CATANIA – Quando l’ingegneria scorre innata nelle vene! Non ancora maggiorenni Davide Anastasi, Marco Scirocco e Salvatore Pagano, studenti del terzo anno dell’Istituto tecnico “Archimede” di Catania, sono campioni del mondo di robotica. A loro va il plauso più sentito dell’Ordine e della Fondazione dell’Ordine degli Ingegneri di Catania,
i cui presidenti – rispettivamente Carmelo Maria Grasso e Santi Maria Cascone – hanno partecipato lo scorso 15 luglio all’Open Day promosso per l’occasione dalla stessa scuola, insieme all’assessore comunale alla Pubblica Istruzione Valentina Scialfa. Grasso e Cascone hanno voluto stringere personalmente la mano ai tre vincitori per congratularsi del successo raggiunto e per trasmettere ai loro coetanei e ai docenti – gran parte di loro anche ingegneri – un messaggio di ottimismo per il futuro della categoria professionale. «È sulle eccellenze dei giovani che bisogna investire – hanno dichiarato – sembra un concetto ormai ripetitivo, in realtà non bisogna mai distogliere lo sguardo dalla formazione e dal loro inserimento nel mondo del lavoro. Le nostre istituzioni di categoria lavorano per questo, per favorire quelle premesse e quelle giovani promesse che possano portare la nostra professione sempre più a servizio del benessere collettivo».
A fare gli onori di casa è stata la dirigente dell’Istituto Romana Romano, che ha sempre sostenuto, anche in giro per il mondo, la squadra di Robotica, portando così l’Archimede a rappresentare i colori italiani in diverse competizioni internazionali.

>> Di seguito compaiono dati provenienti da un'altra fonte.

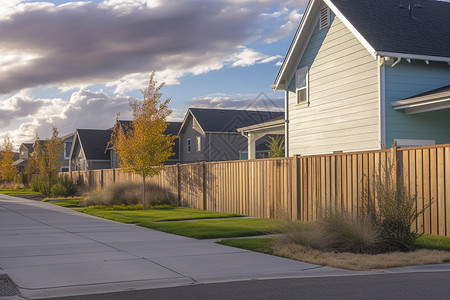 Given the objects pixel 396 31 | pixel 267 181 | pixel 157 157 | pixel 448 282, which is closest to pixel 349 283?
pixel 448 282

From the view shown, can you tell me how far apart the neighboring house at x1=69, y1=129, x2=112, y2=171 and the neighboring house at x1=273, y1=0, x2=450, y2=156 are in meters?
39.1

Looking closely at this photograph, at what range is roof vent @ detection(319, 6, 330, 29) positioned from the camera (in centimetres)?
1859

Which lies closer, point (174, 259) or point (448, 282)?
point (448, 282)

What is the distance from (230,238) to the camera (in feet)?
41.4

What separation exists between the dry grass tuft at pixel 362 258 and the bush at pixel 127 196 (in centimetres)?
1492

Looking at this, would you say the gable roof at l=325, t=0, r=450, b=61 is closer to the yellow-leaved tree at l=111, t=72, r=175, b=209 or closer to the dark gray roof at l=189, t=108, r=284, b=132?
the yellow-leaved tree at l=111, t=72, r=175, b=209

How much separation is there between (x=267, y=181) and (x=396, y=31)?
6.26 meters

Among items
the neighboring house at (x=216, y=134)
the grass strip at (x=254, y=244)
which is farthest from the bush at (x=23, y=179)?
the grass strip at (x=254, y=244)

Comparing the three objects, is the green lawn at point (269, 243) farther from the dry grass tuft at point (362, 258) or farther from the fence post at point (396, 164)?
the fence post at point (396, 164)

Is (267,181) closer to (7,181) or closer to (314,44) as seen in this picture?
(314,44)

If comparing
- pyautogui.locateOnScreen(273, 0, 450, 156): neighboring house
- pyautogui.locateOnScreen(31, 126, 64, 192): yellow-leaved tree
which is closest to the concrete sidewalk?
pyautogui.locateOnScreen(273, 0, 450, 156): neighboring house

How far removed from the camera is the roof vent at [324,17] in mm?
18594

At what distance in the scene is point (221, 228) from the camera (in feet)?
46.7

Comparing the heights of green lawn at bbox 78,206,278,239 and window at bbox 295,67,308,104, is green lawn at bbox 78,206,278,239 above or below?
below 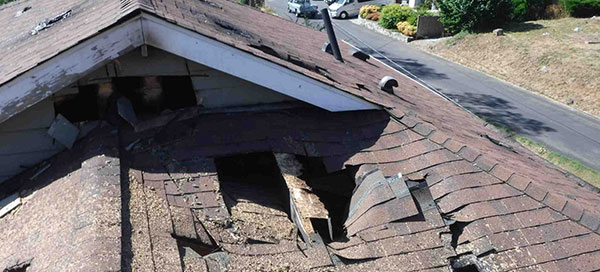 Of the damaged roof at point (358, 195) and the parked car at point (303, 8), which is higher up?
the parked car at point (303, 8)

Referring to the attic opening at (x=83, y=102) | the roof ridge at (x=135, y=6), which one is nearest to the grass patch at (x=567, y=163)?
the roof ridge at (x=135, y=6)

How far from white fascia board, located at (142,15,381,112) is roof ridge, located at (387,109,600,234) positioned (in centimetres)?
61

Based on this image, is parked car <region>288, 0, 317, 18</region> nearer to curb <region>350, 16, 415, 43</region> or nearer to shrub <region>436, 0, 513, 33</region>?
curb <region>350, 16, 415, 43</region>

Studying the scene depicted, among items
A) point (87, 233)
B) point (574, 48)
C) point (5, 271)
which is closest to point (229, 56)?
point (87, 233)

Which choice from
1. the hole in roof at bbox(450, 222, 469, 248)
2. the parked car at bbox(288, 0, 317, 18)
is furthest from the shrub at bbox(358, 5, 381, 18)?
the hole in roof at bbox(450, 222, 469, 248)

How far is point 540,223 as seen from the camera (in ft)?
14.1

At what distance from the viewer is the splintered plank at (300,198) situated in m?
4.43

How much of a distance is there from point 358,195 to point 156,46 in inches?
99.7

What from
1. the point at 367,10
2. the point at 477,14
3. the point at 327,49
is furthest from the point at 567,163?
the point at 367,10

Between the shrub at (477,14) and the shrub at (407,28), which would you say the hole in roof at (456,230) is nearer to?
the shrub at (477,14)

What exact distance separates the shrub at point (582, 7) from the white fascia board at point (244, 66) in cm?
2931

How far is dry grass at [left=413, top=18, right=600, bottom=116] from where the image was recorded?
21797 millimetres

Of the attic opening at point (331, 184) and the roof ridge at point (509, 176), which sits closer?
the roof ridge at point (509, 176)

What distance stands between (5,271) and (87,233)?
0.88m
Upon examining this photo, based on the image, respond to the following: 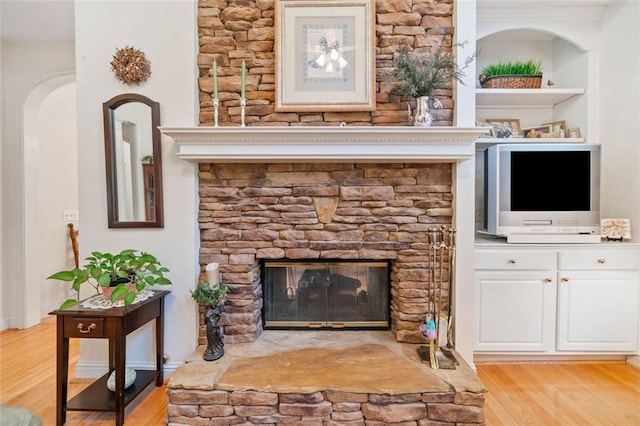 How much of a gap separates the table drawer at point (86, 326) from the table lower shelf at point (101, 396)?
0.39 meters

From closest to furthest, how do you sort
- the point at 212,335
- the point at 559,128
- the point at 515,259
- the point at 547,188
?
the point at 212,335
the point at 515,259
the point at 547,188
the point at 559,128

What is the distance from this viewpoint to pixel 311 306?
2348 mm

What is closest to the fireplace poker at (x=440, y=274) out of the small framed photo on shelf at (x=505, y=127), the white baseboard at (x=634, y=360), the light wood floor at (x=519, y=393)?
the light wood floor at (x=519, y=393)

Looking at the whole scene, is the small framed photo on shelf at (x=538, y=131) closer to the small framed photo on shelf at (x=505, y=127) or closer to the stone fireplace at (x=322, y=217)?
the small framed photo on shelf at (x=505, y=127)

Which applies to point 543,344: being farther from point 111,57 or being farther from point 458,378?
point 111,57

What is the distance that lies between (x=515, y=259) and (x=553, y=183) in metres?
0.66

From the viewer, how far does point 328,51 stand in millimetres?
2080

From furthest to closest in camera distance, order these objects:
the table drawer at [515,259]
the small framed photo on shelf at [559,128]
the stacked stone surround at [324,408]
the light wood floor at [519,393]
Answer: the small framed photo on shelf at [559,128], the table drawer at [515,259], the light wood floor at [519,393], the stacked stone surround at [324,408]

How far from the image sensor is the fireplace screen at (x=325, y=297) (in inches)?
91.4

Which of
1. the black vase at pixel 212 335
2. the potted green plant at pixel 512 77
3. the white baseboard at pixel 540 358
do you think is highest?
the potted green plant at pixel 512 77

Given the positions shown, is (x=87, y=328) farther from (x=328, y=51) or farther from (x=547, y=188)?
(x=547, y=188)

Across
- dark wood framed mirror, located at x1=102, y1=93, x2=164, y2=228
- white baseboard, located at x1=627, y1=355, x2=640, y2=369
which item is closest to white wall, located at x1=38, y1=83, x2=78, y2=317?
dark wood framed mirror, located at x1=102, y1=93, x2=164, y2=228

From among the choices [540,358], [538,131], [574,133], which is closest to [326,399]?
[540,358]

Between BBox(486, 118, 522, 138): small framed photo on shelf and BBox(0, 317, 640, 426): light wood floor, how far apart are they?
70.0 inches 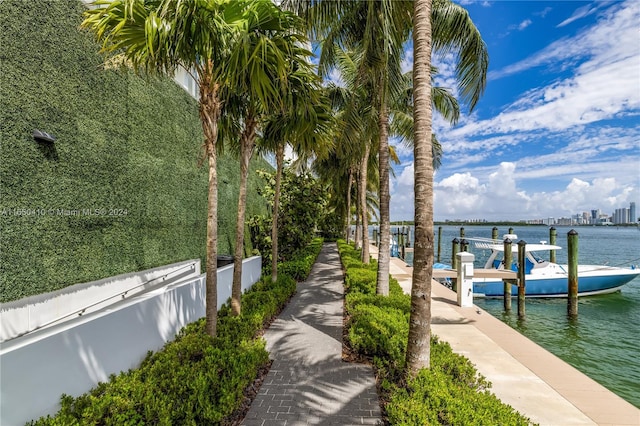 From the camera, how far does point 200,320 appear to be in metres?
6.62

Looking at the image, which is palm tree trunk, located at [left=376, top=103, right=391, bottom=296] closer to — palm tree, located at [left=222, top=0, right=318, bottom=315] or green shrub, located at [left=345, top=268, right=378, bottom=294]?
green shrub, located at [left=345, top=268, right=378, bottom=294]

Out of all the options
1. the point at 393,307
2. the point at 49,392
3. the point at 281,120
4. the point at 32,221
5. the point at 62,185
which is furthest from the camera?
the point at 281,120

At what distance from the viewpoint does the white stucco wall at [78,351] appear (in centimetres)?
296

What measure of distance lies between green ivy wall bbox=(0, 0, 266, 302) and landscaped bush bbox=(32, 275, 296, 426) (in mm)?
2579

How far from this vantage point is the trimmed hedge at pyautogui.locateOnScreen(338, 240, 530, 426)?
10.3ft

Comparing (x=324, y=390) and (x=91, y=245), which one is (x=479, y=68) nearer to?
(x=324, y=390)

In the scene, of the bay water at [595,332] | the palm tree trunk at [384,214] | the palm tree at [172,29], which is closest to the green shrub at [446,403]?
the palm tree trunk at [384,214]

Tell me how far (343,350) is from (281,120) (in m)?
5.71

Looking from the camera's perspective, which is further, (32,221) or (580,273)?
(580,273)

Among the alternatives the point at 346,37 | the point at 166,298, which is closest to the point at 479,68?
the point at 346,37

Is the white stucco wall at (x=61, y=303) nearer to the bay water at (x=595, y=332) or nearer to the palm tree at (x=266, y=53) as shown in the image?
the palm tree at (x=266, y=53)

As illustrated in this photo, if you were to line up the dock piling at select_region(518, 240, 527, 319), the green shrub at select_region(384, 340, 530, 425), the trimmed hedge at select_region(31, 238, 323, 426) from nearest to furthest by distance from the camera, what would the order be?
the green shrub at select_region(384, 340, 530, 425) < the trimmed hedge at select_region(31, 238, 323, 426) < the dock piling at select_region(518, 240, 527, 319)

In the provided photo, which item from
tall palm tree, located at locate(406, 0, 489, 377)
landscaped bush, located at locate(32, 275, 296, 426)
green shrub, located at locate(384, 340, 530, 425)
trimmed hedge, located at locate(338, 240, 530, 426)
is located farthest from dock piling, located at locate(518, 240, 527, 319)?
landscaped bush, located at locate(32, 275, 296, 426)

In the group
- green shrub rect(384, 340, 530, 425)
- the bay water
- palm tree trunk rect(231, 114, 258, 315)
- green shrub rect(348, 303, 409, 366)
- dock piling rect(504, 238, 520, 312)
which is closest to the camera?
green shrub rect(384, 340, 530, 425) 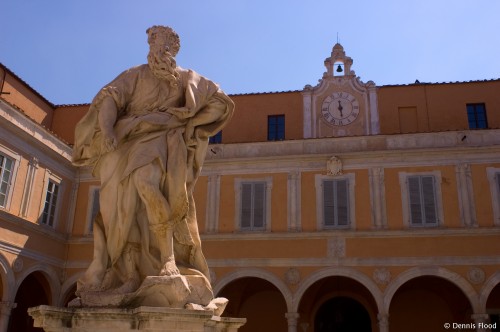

Nel marzo 2013 l’Istituto ha conseguito a Roma il titolo nazionale di Cospace Dance Theatre, assicurandosi l’accesso al Campionato mondiale Robocup Junior a Eindhoven, in Olanda. Qui la squadra, guidata da Domenico Ardito e Pietro Arcidiacono ha ottenuto il successo mondiale – prima di Giappone e Cina – in ben due discipline: la gara individuale e la gara a squadre Superteam.
A decretare la vittoria dell’Archimede nella competizione individuale è stata la performance basata sulla coreografia reale e virtuale in cui i tre campioni hanno interpretato una scena ispirata al film “The Millionaire”. Nella gara a squadre Superteam, insieme con gli studenti di Portogallo e Giappone con i quali sono stati raggruppati, i giovani catanesi hanno trionfato su 42 squadre, con un tema scelto per evidenziare l’opportunità di usare i robot a vantaggio dell’uomo, senza rinunciare all’identità e alla cultura di ogni popolo. Ne è risultato un insieme ordinato e ben fatto con in campo sette robot e luci varie. Ad affascinare la giuria, tra l’altro, lo sviluppo di immagini 3D dell’Etna, di un tempio buddista giapponese e della torre di Belen portoghese. Il tutto realizzato con robot reali e virtuali che danzavano insieme ai ragazzi.